Material for this exercise:
....
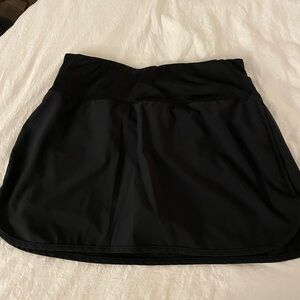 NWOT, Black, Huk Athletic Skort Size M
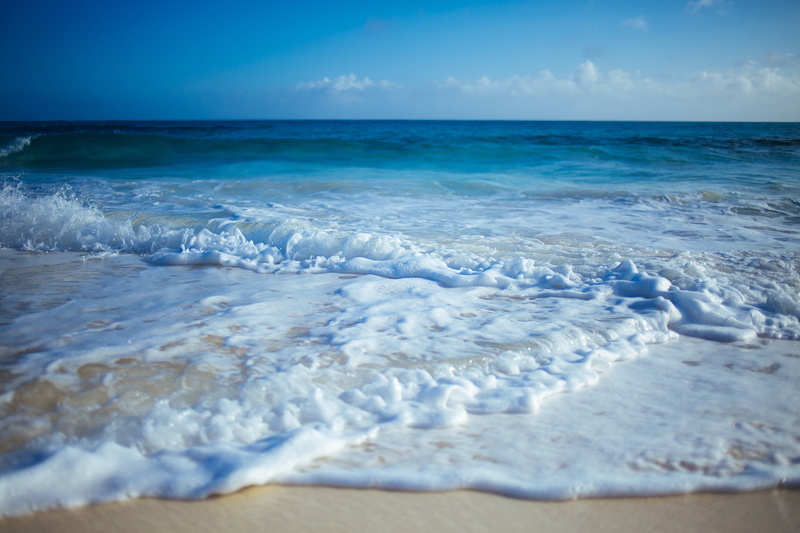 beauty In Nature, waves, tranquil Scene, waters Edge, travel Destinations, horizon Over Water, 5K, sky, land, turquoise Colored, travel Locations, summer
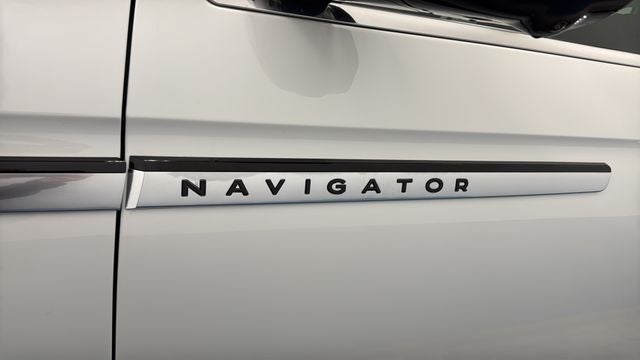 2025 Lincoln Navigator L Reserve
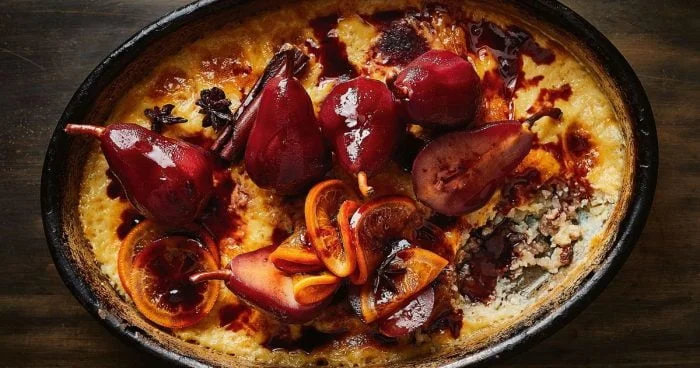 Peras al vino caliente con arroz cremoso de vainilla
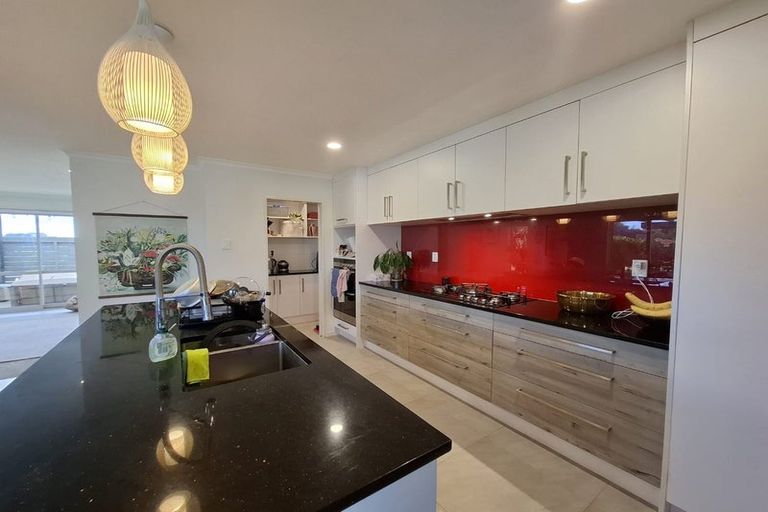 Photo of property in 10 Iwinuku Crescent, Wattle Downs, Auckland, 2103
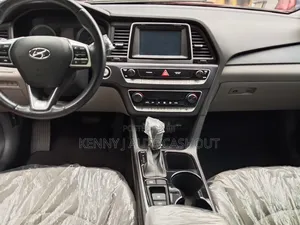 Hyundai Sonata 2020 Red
....
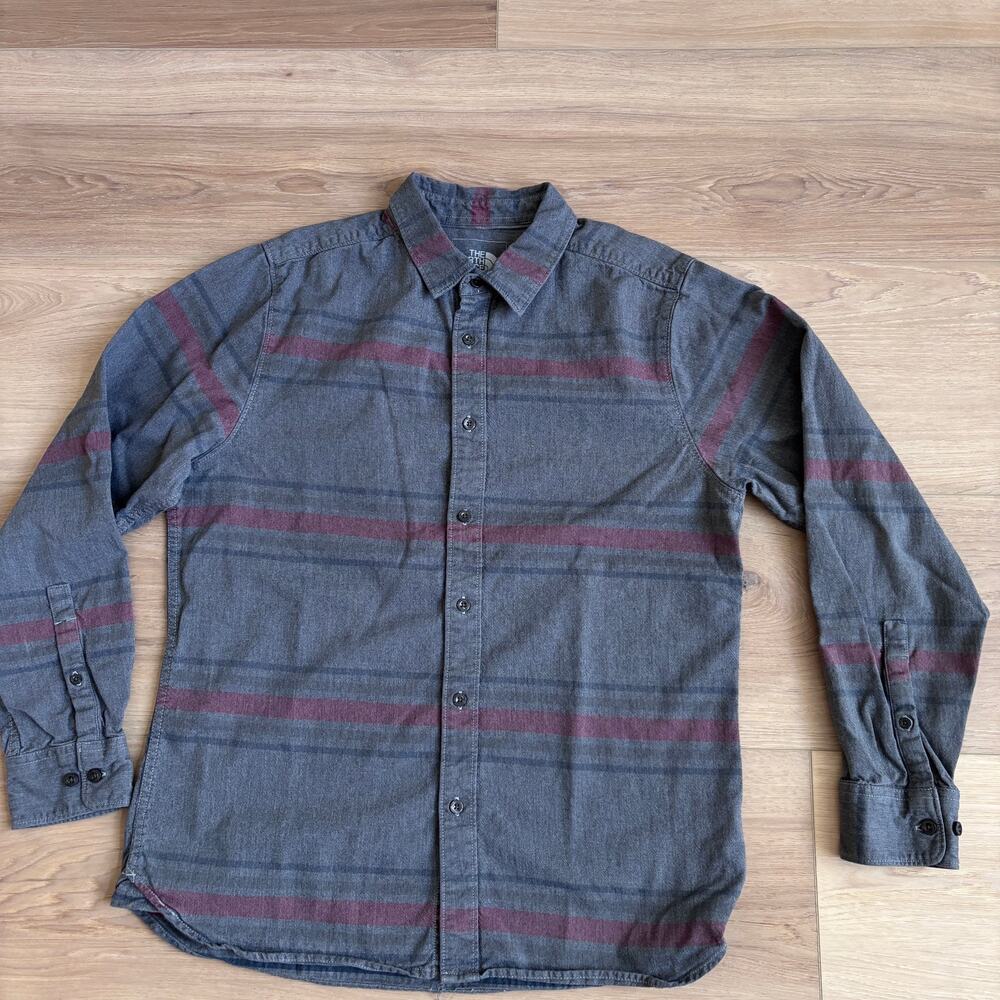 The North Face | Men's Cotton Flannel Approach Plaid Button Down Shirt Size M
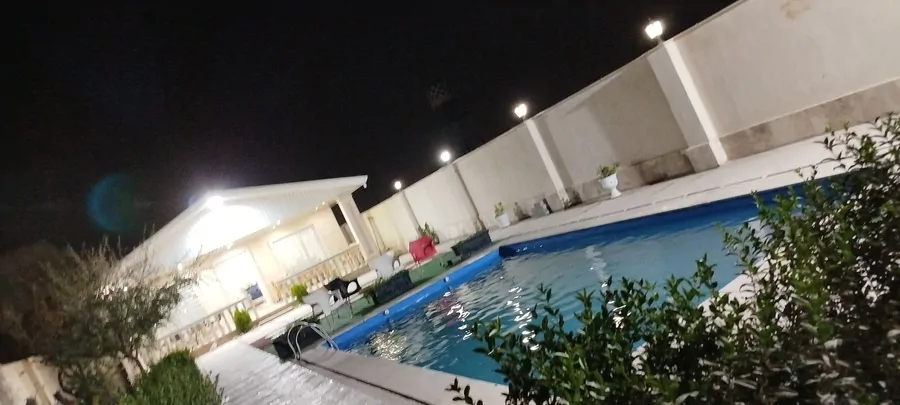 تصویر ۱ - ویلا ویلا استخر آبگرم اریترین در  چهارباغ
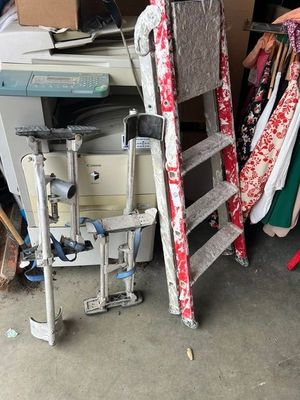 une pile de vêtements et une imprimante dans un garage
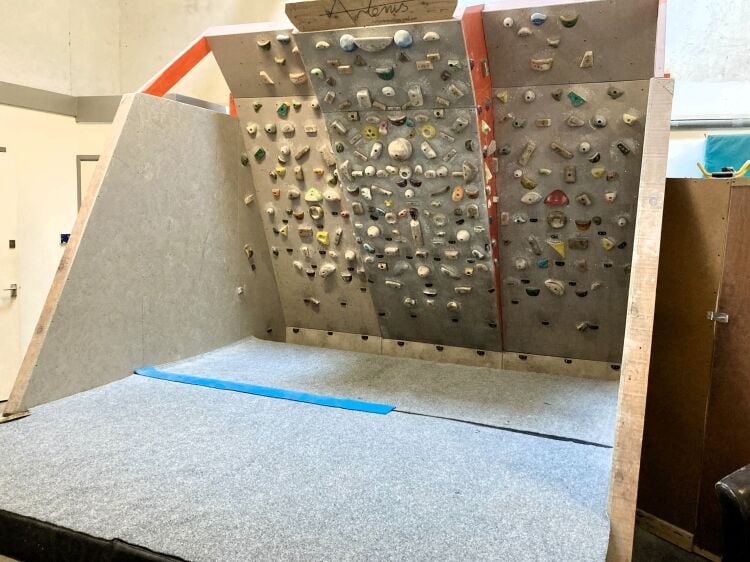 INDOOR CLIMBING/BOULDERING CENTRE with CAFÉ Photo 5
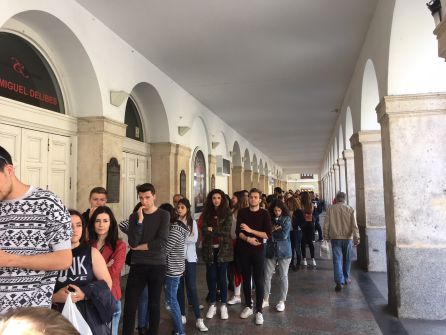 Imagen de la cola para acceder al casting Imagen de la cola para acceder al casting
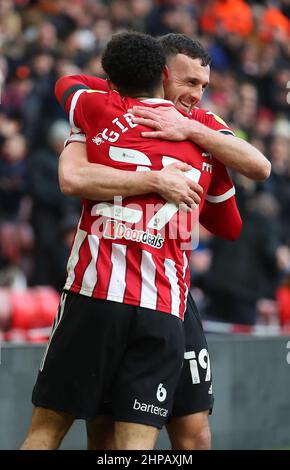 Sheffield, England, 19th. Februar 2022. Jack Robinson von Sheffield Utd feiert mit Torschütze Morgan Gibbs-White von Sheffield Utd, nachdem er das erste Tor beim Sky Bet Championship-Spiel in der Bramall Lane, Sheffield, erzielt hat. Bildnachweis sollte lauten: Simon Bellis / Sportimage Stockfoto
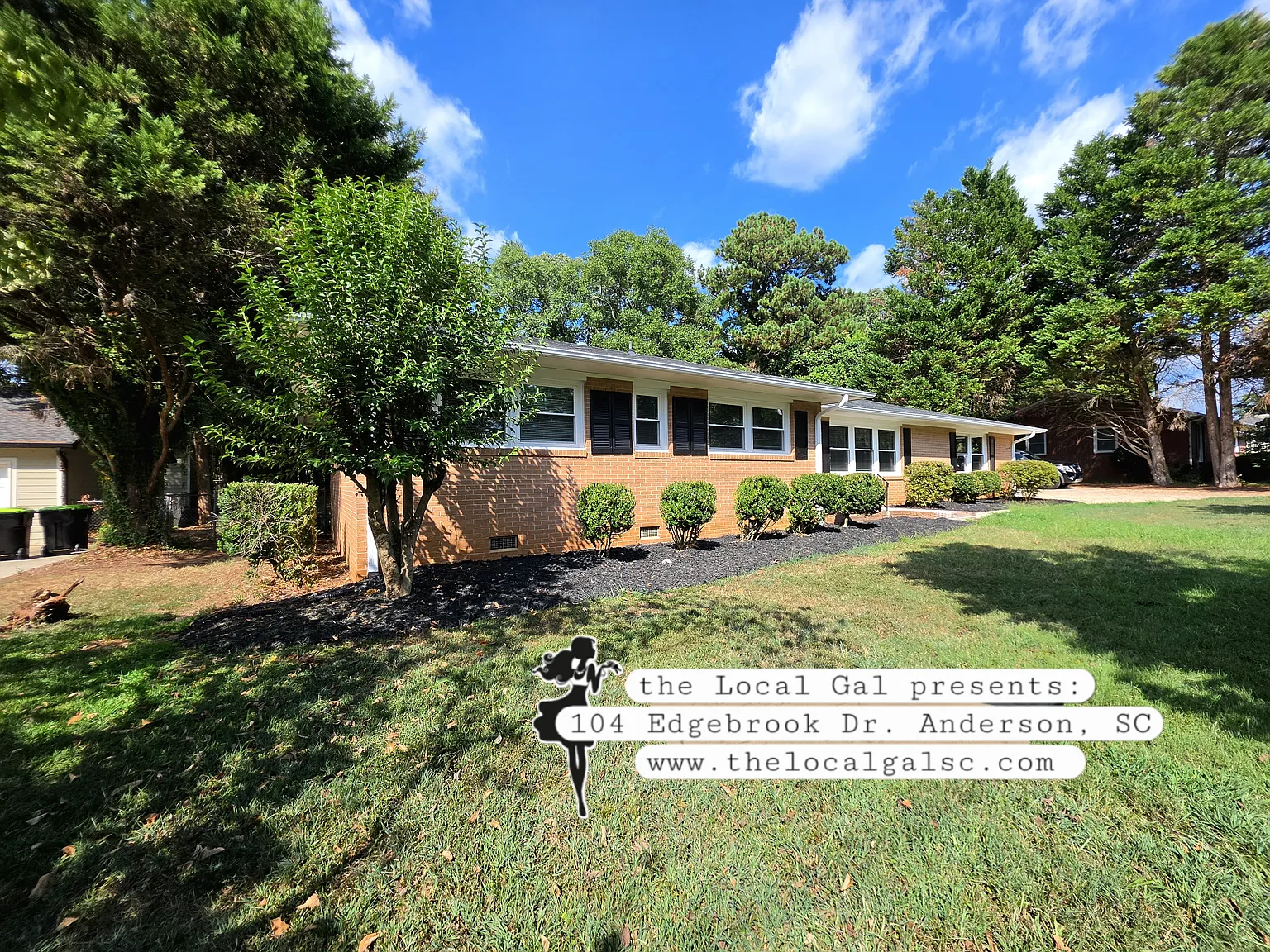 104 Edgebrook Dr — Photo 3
....
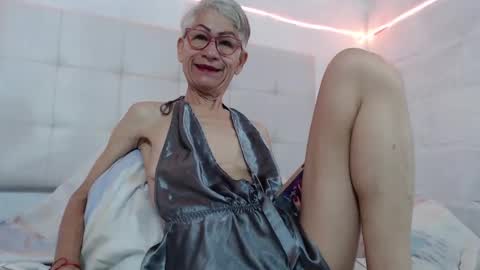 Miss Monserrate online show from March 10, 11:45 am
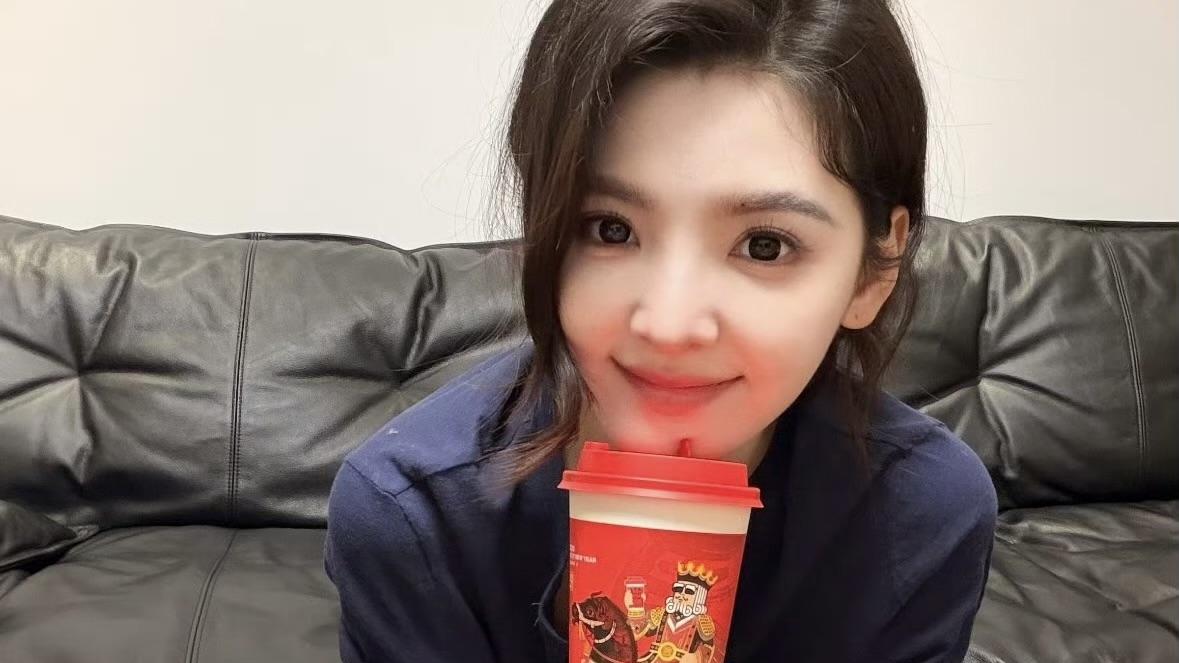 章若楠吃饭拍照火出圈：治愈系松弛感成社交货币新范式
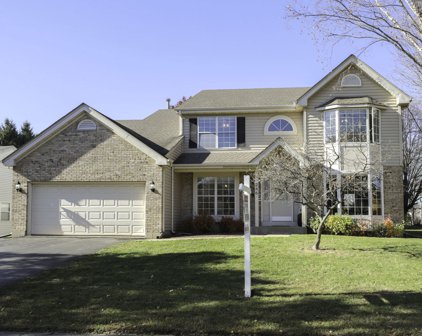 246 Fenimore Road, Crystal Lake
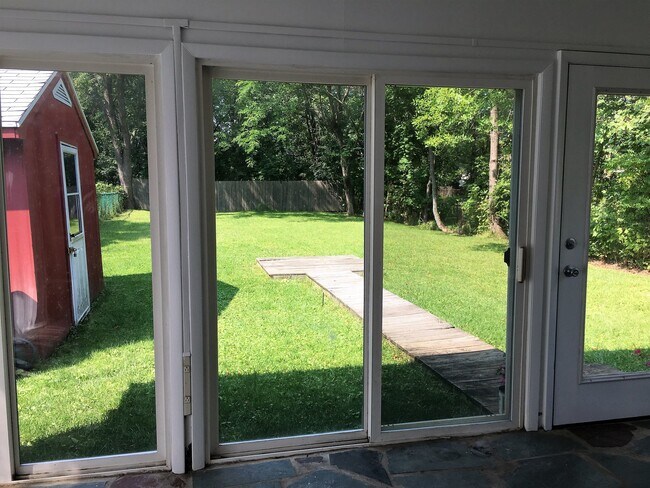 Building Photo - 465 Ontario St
....
How to complete this task:
When you reach the line containing "2025 Lincoln Navigator L Reserve" in the entries above, begin restating word for word, and stop once the line containing "Hyundai Sonata 2020 Red" has been given. Omit the pictures.

Worked solution:
 2025 Lincoln Navigator L Reserve
 Peras al vino caliente con arroz cremoso de vainilla
 Photo of property in 10 Iwinuku Crescent, Wattle Downs, Auckland, 2103
 Hyundai Sonata 2020 Red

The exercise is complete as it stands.